While investigating the commentator’s voice of football, I realised how televised football has exclusionary effects. The media tends to represent athletes from different origins in a biased way, reproducing common racial and ethnic stereotypes. The commentators harden the view of black athletes being less intelligent and hard‑working than their white counterparts and able to succeed only because of their “God-given” physical and athletic attributes. These representational myths slowly become common knowledge as they get repeated, week in and week out. 
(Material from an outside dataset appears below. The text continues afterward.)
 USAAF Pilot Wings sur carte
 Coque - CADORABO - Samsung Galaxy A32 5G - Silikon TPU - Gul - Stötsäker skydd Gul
As long as the spectator focuses on the game’s visual assets, these whispers will unconsciously affect the viewer’s perception. The game is still riddled with injustice through noticed and, maybe more dangerous, unnoticed racism, such as this biased commentary. We need to recognise and acknowledge racial prejudice to address the real impact of structural racism for the future of a more inclusive game, starting off with our own listening habits.

In their isolation, the words appear harmless, so I wish to bring this systematic problem to light by exposing them through this installation. The commentary of a combined 90-minute selection of various games has been carefully highlighted under the eyes of ‘sensitivity readers’, focusing on cultural representation problems, biases, stereotypes, tropes and language that a listener could consider problematic.

Perimeters shows a replicated corner of a football pitch, where the perimeter advertising boards display the hidden disasters of our beautiful game.